Pour les internationalistes, les enjeux sont également énormes. À un premier niveau, il faut s’opposer de toutes nos forces à l’occupation et à l’intervention impérialiste en Libye. L’argument de « sauver les vies » ne tient pas la route : on ne demande pas au loup de venir nous rescaper du tigre. Les oppositions libyennes doivent se cramponner, s’unir, évacuer toute instrumentalisation directe et indirecte et ainsi, par une lutte très dure, elles pourront triompher sans faire collapser le pays dans une lamentable dépendance comme on le voit en Irak. À un deuxième niveau, il faut sortir de la logique infernale et manichéenne où les mouvements de gauche dans le monde appuyaient « l’ennemi de l’ennemi », sous prétexte de s’opposer à l’impérialisme. Il est juste et justifiable de se démarquer de l’hypocrisie occidentale, mais il ne l’est pas de présenter les dictateurs « anti-impérialistes » comme des alliés de la « cause ». Dans ce sens, la politique du gouvernement Chavez risque de délégitimer cet État qui a eu le courage d’imposer de nouvelles priorités en réponse aux attentes populaires au Venezuela. Il faudra trouver le moyen de dire cela, sans être instrumentalisés par le discours de l’impérialisme « humanitaire ».

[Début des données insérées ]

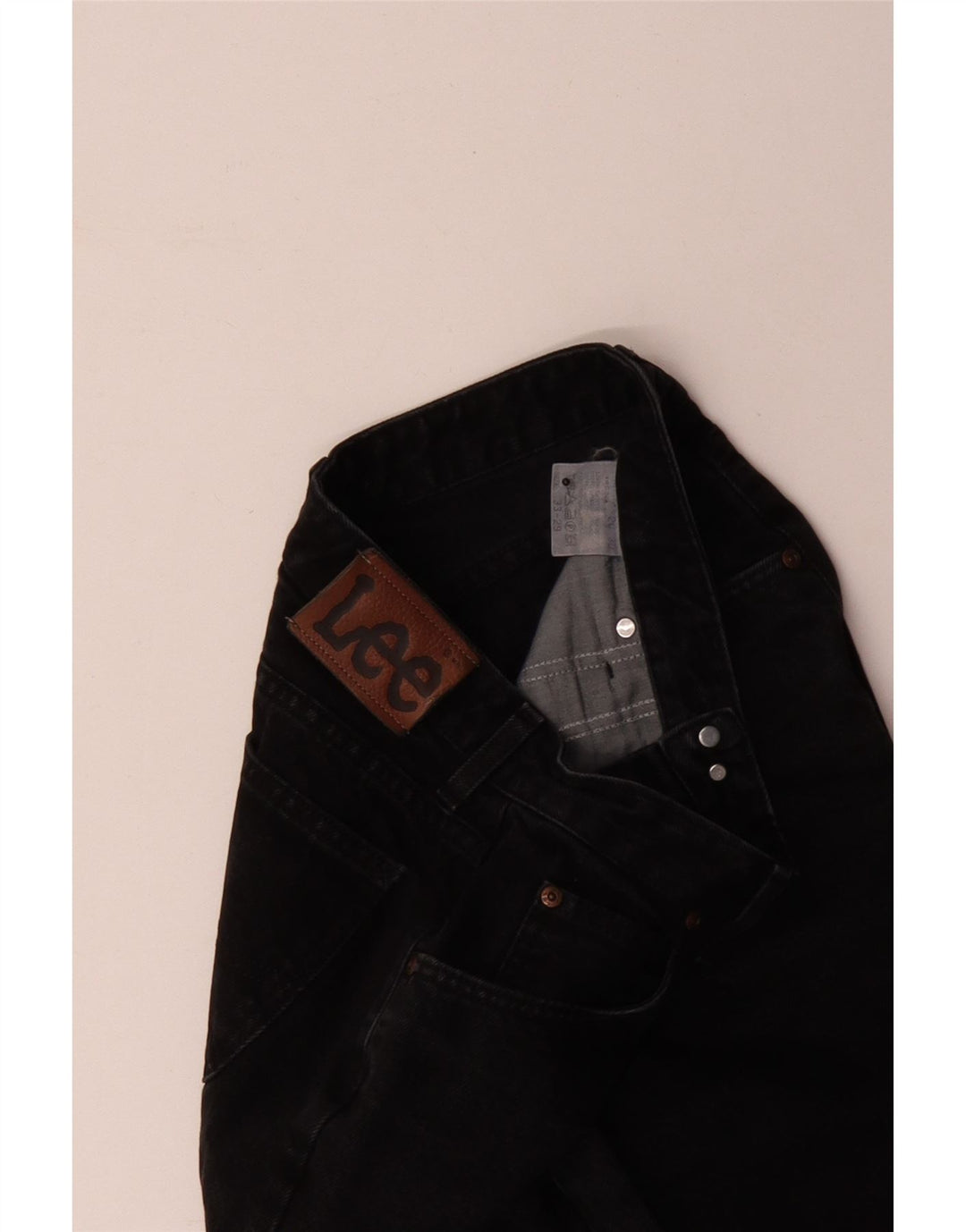 Lee Damen Straight Jeans W29 L26 Schwarze Baumwolle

La route d’Helwan et de Gafsa

Mais en fin de compte, la plus grande priorité n’est pas là. Il faut sérieusement et systématiquement appuyer nos réels alliés des mouvements populaires. À un premier niveau, ils manquent de tout, y compris des ressources indispensables, lesquelles sont monopolisées par les couches moyennes relativement peu soucieuses de faciliter l’organisation des masses. Alors voilà où des mobilisations internationalistes peuvent avoir un impact. Prenons la route d’Helwan, de Gafsa et des multiples lieux de la mobilisation populaire dont on entend si peu parler et voyons ce que nous pouvons faire pour aider concrètement et immédiatement nos camarades. À un deuxième niveau, il faut inclure et intégrer nos camarades dans la construction du mouvement social mondial, où ils peuvent et veulent contribuer, et où on peut aussi les exposer aux dynamiques populaires un peu partout dans le monde. Dans ce sens, le Forum social mondial devrait réaligner ses priorités pour les prochaines années à venir et concentrer ses efforts sur l’Afrique du Nord et le Moyen-Orient.